WORK INSTRUCTION -> Every entry in the data that follows should come back exactly, pictures aside.

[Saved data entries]
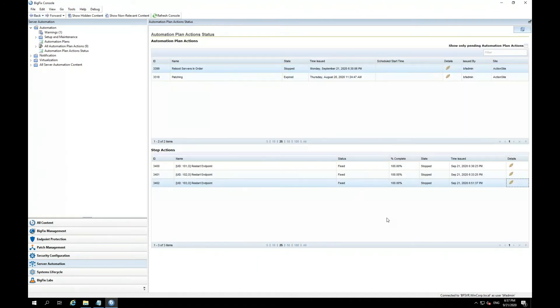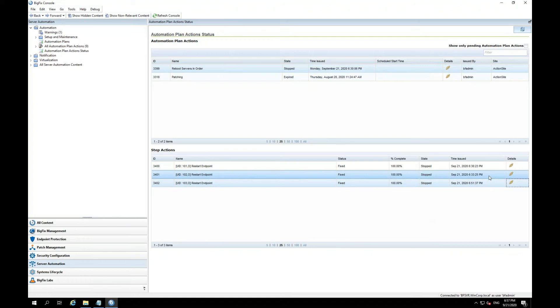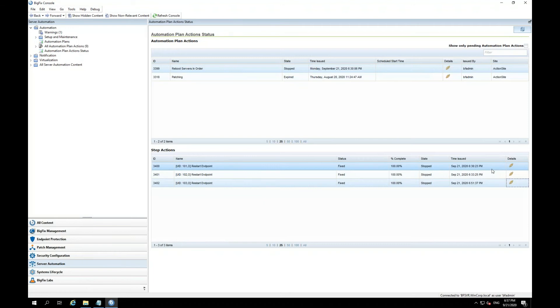Overall, you can see the status of each of the tasks. They all say fix, they're all completed at 100%, and it also tells you the time issued for each of the tasks. So you can see the time that each task was issued for each of these endpoints or each of these servers.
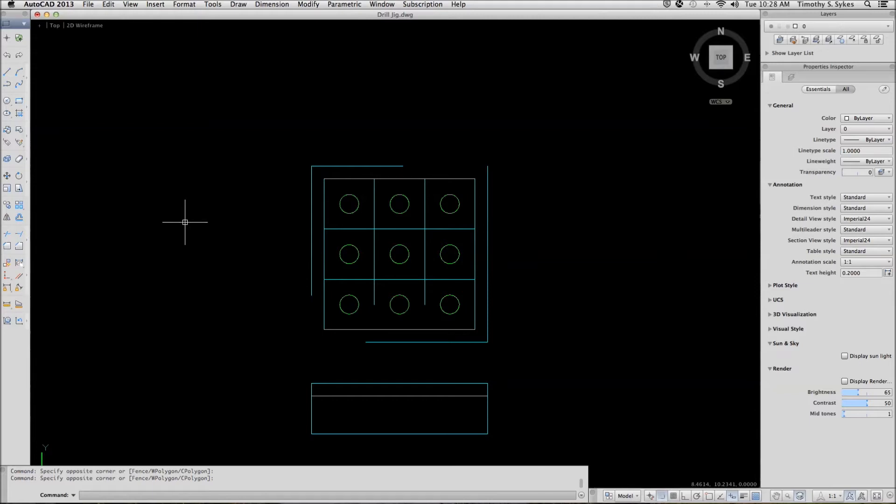This is exercise 8.3.2a using the EXTEND command. I am in the drill jig drawing in the Steps Lesson 8 folder. I am continuing from where I left off at the end of exercise 8.3.1a using the TRIM command. Let's begin.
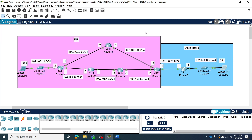Now laptop 2 can communicate to laptop 1 — that means everyone within these networks can now communicate with each other. What we understand here is that redistribution is needed when we want to advertise or redistribute route information between two different routing protocols. In this case, we saw how a static route can be redistributed into RIP. I hope this video helps you understand redistribution between static route and RIP. Thank you very much for watching.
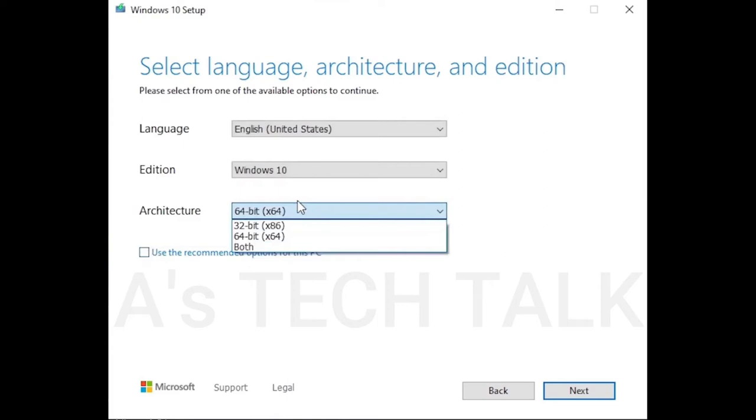There are three options: 32-bit, 64-bit, and both. I select 64-bit. Click next.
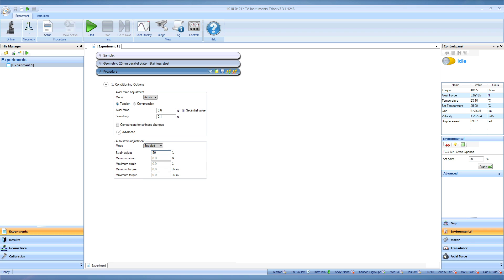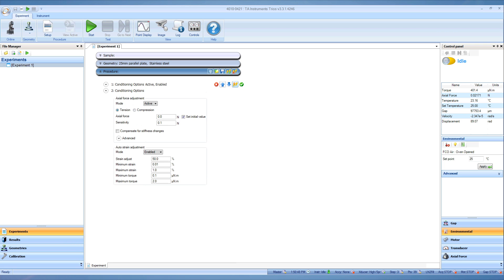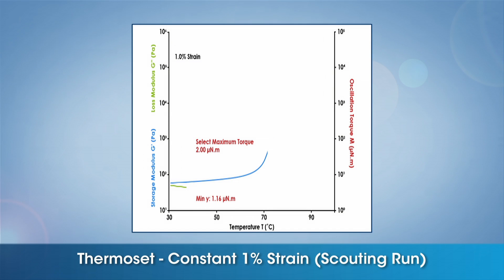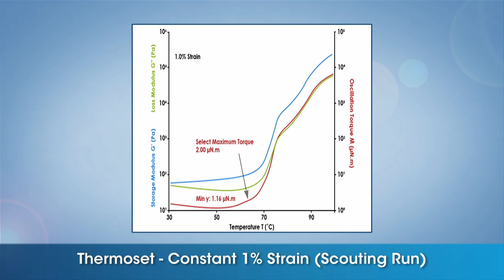Auto Strain is located in the Conditioning Options segment just below the Axial Force Control. Activate Auto Strain. The strain and torque settings are more accurately determined for each material by first running a scouting oscillation temperature ramp at constant frequency and strain. For this thermoset example, a temperature ramp was performed at constant strain of 1% with a frequency of 10 radians per second.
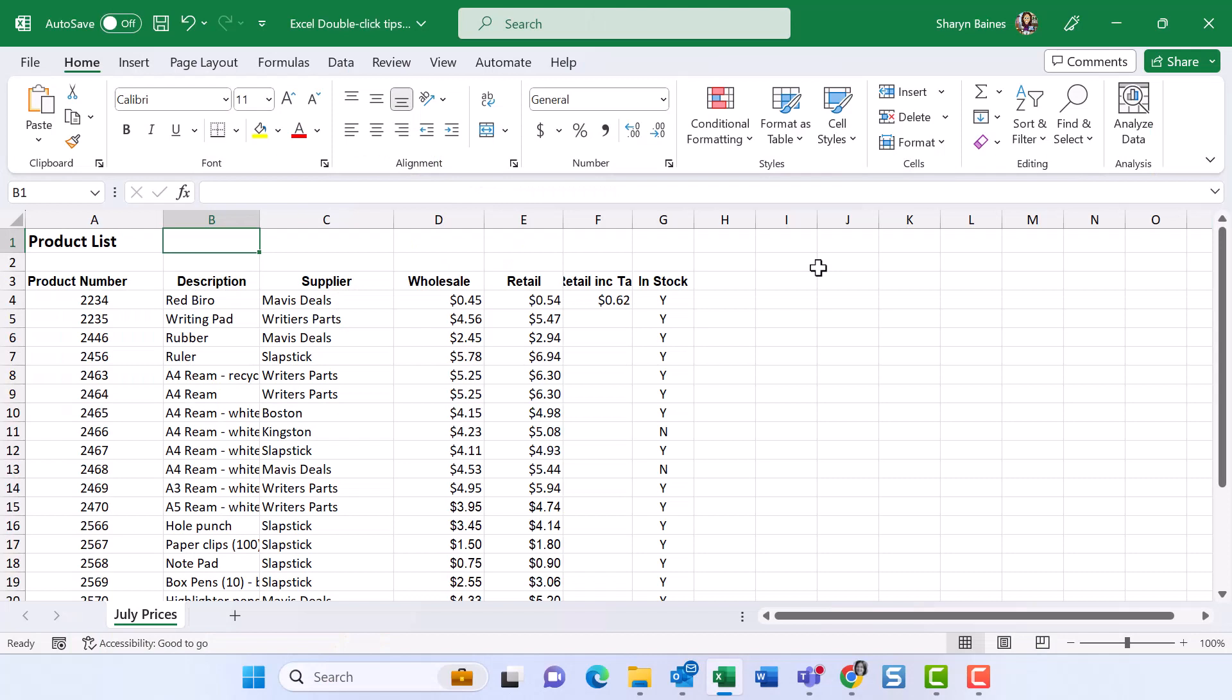Hello. Now, during one of our live groups this week, I had somebody say to me how amazing the double click is in Excel when you are resizing columns. And it made me think, the double click in Excel does more than just resize columns. So I'm going to take you through five things that I use constantly when I'm double clicking and working inside of Excel.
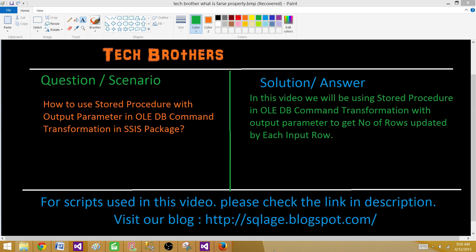Welcome to Tech Brothers with Amir. Today we are going to learn how to use a stored procedure with the output parameter in OLEDB command transformation in an SSIS package.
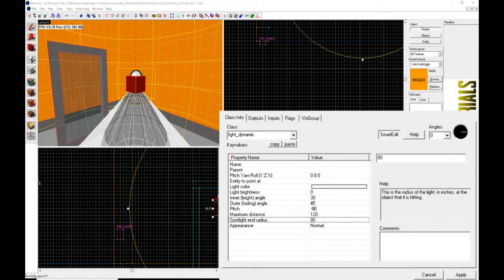What is up everybody, Opti here again in this second installment of our advanced lighting tutorials. This entire video we're going to be focusing on the light_dynamic entity in Hammer Editor. This is my favorite light to work with because you can do so much with it — you can make it move around, change its colors, and do a whole bunch of things with just this one solitary singular light.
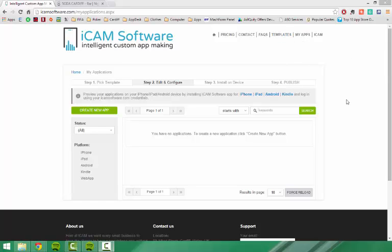Hi, it's John Barker, and welcome to this series of videos where I will show you how to create a fully customised app using icamsoftware.com.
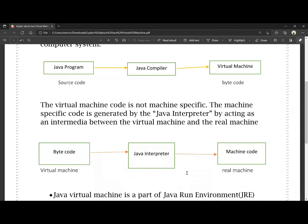If you look at this diagram, bytecode is converted into machine code. There is a Java interpreter that converts the virtual machine code into real machine code. Bytecode is the intermediate code between the real machine and the virtual machine.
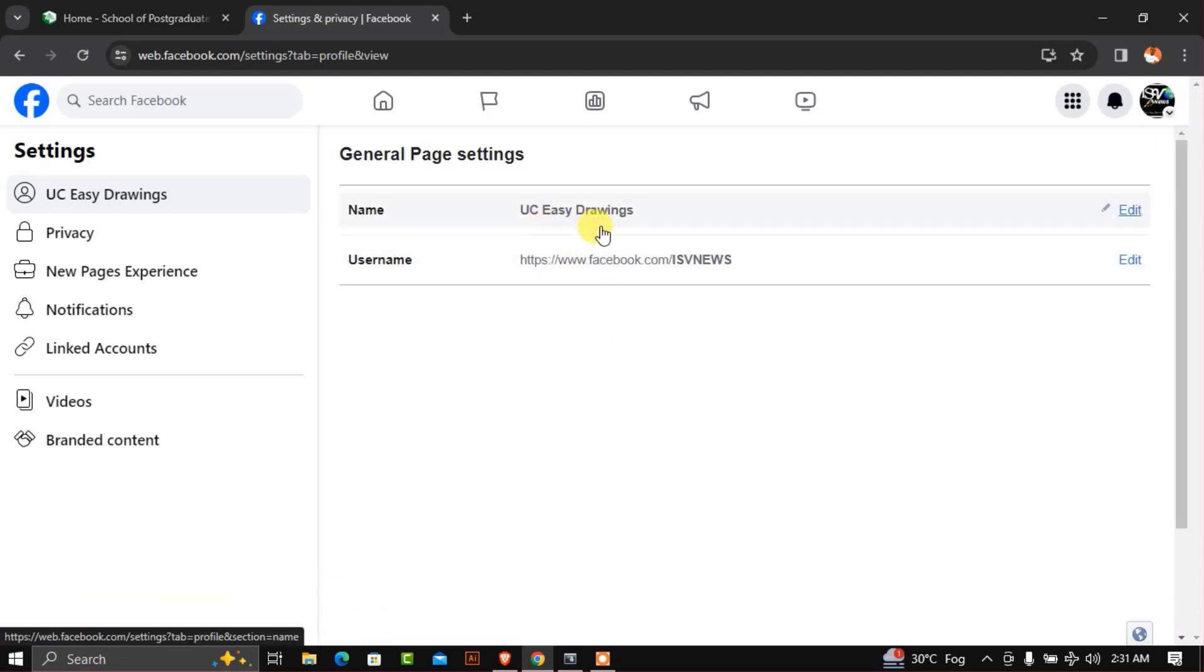As you can see, we've succeeded in changing our account name from the initial stage to this one. Remember to subscribe, and don't forget to like and share if this video is helpful to you. Thank you.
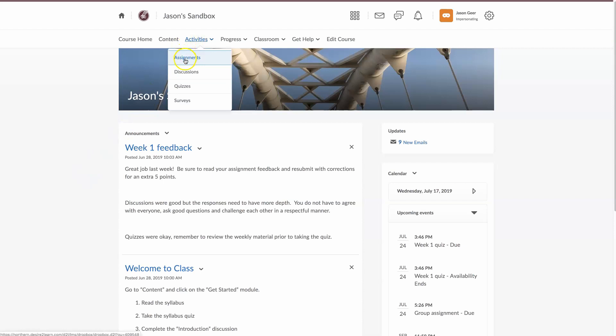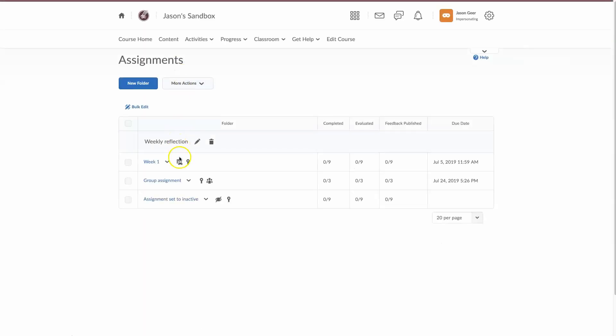I'm going to go to Assignments and I just wanted to show you, I've set up an example here. I have a week one assignment, it is set up and the due dates are set up in the past, a group assignment that is regular and students will be able to access it, and also I have an assignment set to inactive.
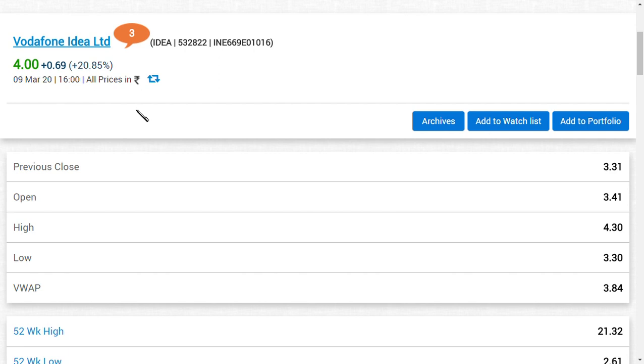The government said the original AGR dues were around 50,000 crores. Vodafone Idea said they're having only AGR dues of 21,000 crores, which is not even half the amount. We already said we are seeing a target of 7 in Vodafone Idea Limited, or at least 6.5.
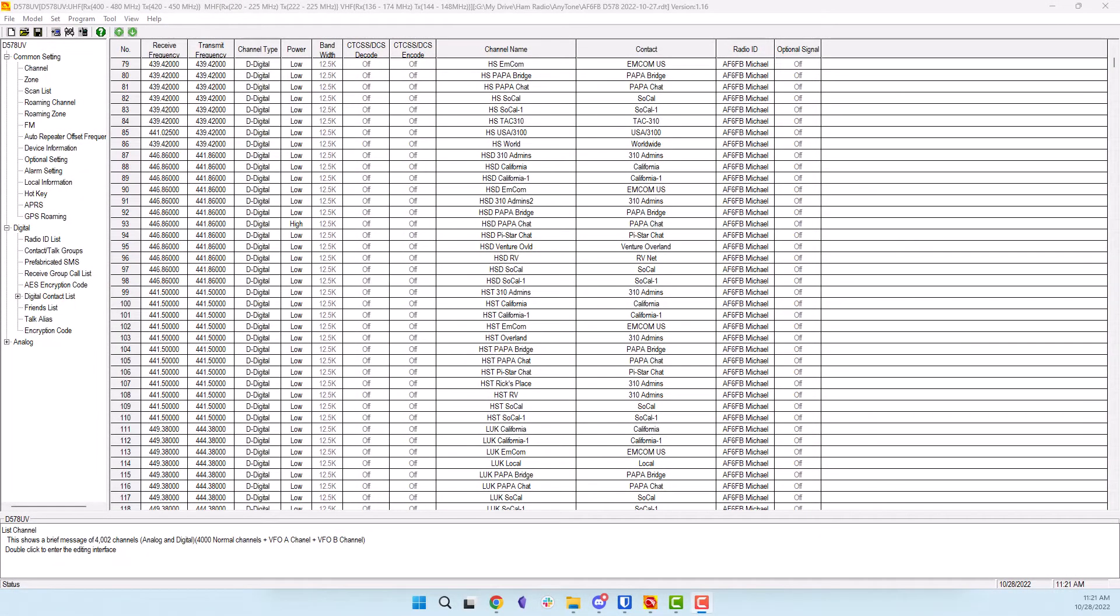Hello, I am Michael, AF6FB. In this video I will talk about setting up DMR APRS or DMR location services on the AnyTone radios.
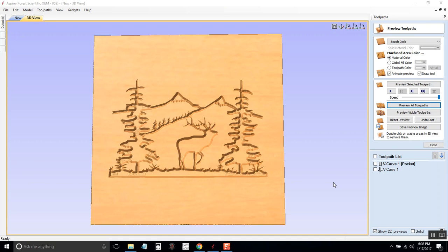In this video I'm going to show you how to save a toolpath and convert it to something that the CNC can read that you can send it over.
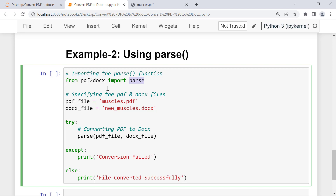First we import the parse function from the module, then define the filename and path for both the PDF and the Word document. This time the Word document is named new_muscles. Within the try block we use the parse function — the first argument is pdf_file, the name of the PDF to convert, and the second argument is docs_file, the path and name of the output Word document. The parse function also accepts two more arguments: start and end.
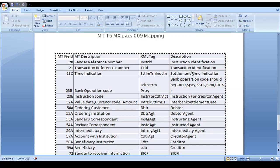MT field 23B (Bank Operation Code) is used for maintaining SLA for SWIFT messages. MT field 23E (Instruction Code) is for instructing filter agents. MT field 32A (Value Date, Currency Code, and Amount) maps to MX Interbank Settlement Date, Currency Code, and Amount. MT field 50A (Ordering Customer) maps to MX Debtor. MT field 52A (Ordering Institution) maps to MX Debtor Agent. MT field 53A (Sender Correspondent) maps to MX Instructing Agent.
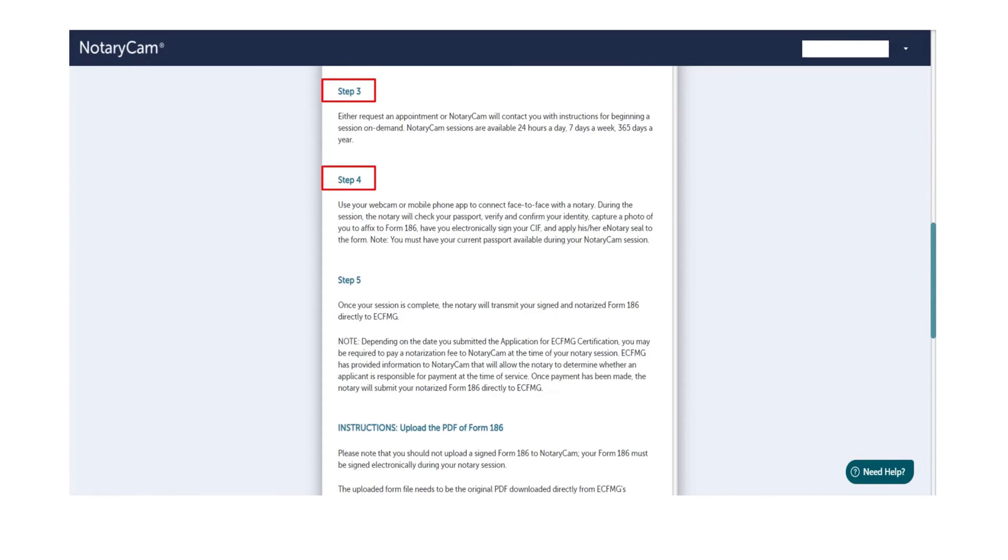Step 4: In the face-to-face session, the Notary will check your passport, further verify and confirm your identity. Make sure you have your passport handy during the session. As I said earlier, you must sign electronically during the session.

ANSWER SPACE ->
Overall, you can see the status of each of the tasks. They all say fix, they're all completed at 100%, and it also tells you the time issued for each of the tasks. So you can see the time that each task was issued for each of these endpoints or each of these servers.
This is exercise 8.3.2a using the EXTEND command. I am in the drill jig drawing in the Steps Lesson 8 folder. I am continuing from where I left off at the end of exercise 8.3.1a using the TRIM command. Let's begin.
Now laptop 2 can communicate to laptop 1 — that means everyone within these networks can now communicate with each other. What we understand here is that redistribution is needed when we want to advertise or redistribute route information between two different routing protocols. In this case, we saw how a static route can be redistributed into RIP. I hope this video helps you understand redistribution between static route and RIP. Thank you very much for watching.
There are three options: 32-bit, 64-bit, and both. I select 64-bit. Click next.
Auto Strain is located in the Conditioning Options segment just below the Axial Force Control. Activate Auto Strain. The strain and torque settings are more accurately determined for each material by first running a scouting oscillation temperature ramp at constant frequency and strain. For this thermoset example, a temperature ramp was performed at constant strain of 1% with a frequency of 10 radians per second.
Hello. Now, during one of our live groups this week, I had somebody say to me how amazing the double click is in Excel when you are resizing columns. And it made me think, the double click in Excel does more than just resize columns. So I'm going to take you through five things that I use constantly when I'm double clicking and working inside of Excel.
Welcome to Tech Brothers with Amir. Today we are going to learn how to use a stored procedure with the output parameter in OLEDB command transformation in an SSIS package.
What is up everybody, Opti here again in this second installment of our advanced lighting tutorials. This entire video we're going to be focusing on the light_dynamic entity in Hammer Editor. This is my favorite light to work with because you can do so much with it — you can make it move around, change its colors, and do a whole bunch of things with just this one solitary singular light.
Hi, it's John Barker, and welcome to this series of videos where I will show you how to create a fully customised app using icamsoftware.com.
If you look at this diagram, bytecode is converted into machine code. There is a Java interpreter that converts the virtual machine code into real machine code. Bytecode is the intermediate code between the real machine and the virtual machine.
As you can see, we've succeeded in changing our account name from the initial stage to this one. Remember to subscribe, and don't forget to like and share if this video is helpful to you. Thank you.
I'm going to go to Assignments and I just wanted to show you, I've set up an example here. I have a week one assignment, it is set up and the due dates are set up in the past, a group assignment that is regular and students will be able to access it, and also I have an assignment set to inactive.
The government said the original AGR dues were around 50,000 crores. Vodafone Idea said they're having only AGR dues of 21,000 crores, which is not even half the amount. We already said we are seeing a target of 7 in Vodafone Idea Limited, or at least 6.5.
Hello, I am Michael, AF6FB. In this video I will talk about setting up DMR APRS or DMR location services on the AnyTone radios.
In this video I'm going to show you how to save a toolpath and convert it to something that the CNC can read that you can send it over.
First we import the parse function from the module, then define the filename and path for both the PDF and the Word document. This time the Word document is named new_muscles. Within the try block we use the parse function — the first argument is pdf_file, the name of the PDF to convert, and the second argument is docs_file, the path and name of the output Word document. The parse function also accepts two more arguments: start and end.
MT field 23B (Bank Operation Code) is used for maintaining SLA for SWIFT messages. MT field 23E (Instruction Code) is for instructing filter agents. MT field 32A (Value Date, Currency Code, and Amount) maps to MX Interbank Settlement Date, Currency Code, and Amount. MT field 50A (Ordering Customer) maps to MX Debtor. MT field 52A (Ordering Institution) maps to MX Debtor Agent. MT field 53A (Sender Correspondent) maps to MX Instructing Agent.
Step 4: In the face-to-face session, the Notary will check your passport, further verify and confirm your identity. Make sure you have your passport handy during the session. As I said earlier, you must sign electronically during the session.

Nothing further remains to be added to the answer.